Myra Steadman, who works with the church administrative team, said the Bible study supplier provided a way for study groups to meet online, and on Wednesday, Greene will continue his instruction in 2 Corinthians through Zoom. In addition, church children’s teachers are sending out Facebook assignments, attaching a story video and asking children to take a photo of their drawing to send back, Steadman said.
Storm will pass
At Calvary Road Baptist Church in Maggie Valley, the Rev. John Swanger said his church has long been offering online services, but noted Sundays just aren’t the same now that there are no gatherings.

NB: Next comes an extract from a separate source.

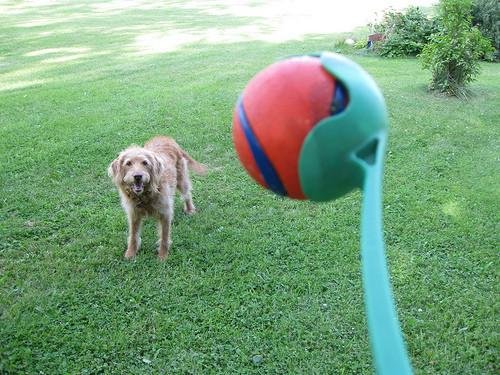 Ducomi® - Lanzador de pelotas de tenis para perro - Modelo: Poundium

“It’s very quiet. I’ll say that,” he said. “Just the sweet presence of people gathering is such a blessing. It would be more difficult if we didn’t have any way of reaching out to them, so at least we have some way of staying connected.”
Swanger said he feels for families who lose loved ones, considering funeral services are either being postponed or compressed to family members who won’t exceed the recommended group threshold — 50 as directed by N.C. Gov. Roy Cooper, or 10 as recommended by the Center for Disease Control.
“They have no church family to love on them,” Swanger said of those who lose loved ones. “I know when my dad died, people connecting with me made it a whole lot more bearable. Now we just can’t do that. We’re still using lots of text and Facebook messages, but it isn’t the same.”
While Calvary Road has long had an online and Facebook presence, Swanger said he hadn’t used Facebook until two weeks ago.
“Never in my lifetime have I ever witnessed a shutdown of the church,” he said. “We are used to getting together and praying, yet, so much encouraging texts and posts being put up. People are encouraging one another. That will get us through. They can’t stop prayer. That’s the key. Just keep praying. There’s never been a storm that kept on going.”
Calling on creativity
At Long’s Chapel United Methodist Church, the Rev. Chris Westmoreland said the governor’s latest announcement that schools will not resume until mid-May at the earliest will likely mean the same thing for church gatherings.
Church leaders are already looking for alternate ways to handle Easter worship, which will be April 12.
While churches are technically exempt from the governor’s order, Westmoreland said, many congregations include an elderly population that’s among the more vulnerable groups.
“We’re trying to be respectful of CDC,” he said. “We’ve got to do our part. Want to provide ministry to our folks and are looking at creative ways of doing that.”
Like many churches, Westmoreland said the Long’s staff is calling every member of the congregation to ask whether they have specific needs where the church can help.
Throughout history, people have been asked to do their part in a time of national crisis, he reflected, chuckling that this time the ask can be viewed as ‘sitting on the couch and watching TV.’
“Surely we can do more than that,” he said, speaking of the ways Long’s Chapel and the community have typically rallied to advance the greater good locally. He mentioned an article he read about a Chicago pastor who observed the church had changed more in the past 10 days than the past 10 years.
He related the societal disruption of the coronavirus threat to what happened in the nation after 9/11, when people pulled together in many different ways. He predicts the result will be much stronger churches.
“It’s an interesting time in our culture. A lot of people are on autopilot and going through life unconsciously,” he said. “With this, the rhythms are getting broken, and people are asking me one of two questions: Is this the end of the world? Or, where can I find God? I hate that it takes a crisis to help us become more spiritually aware.”
Westmoreland said that the one thing that will cause a church to thrive is persecution.
“This time the church isn’t persecuted by people, but by a virus,” he said. “I’m expecting to see revival.”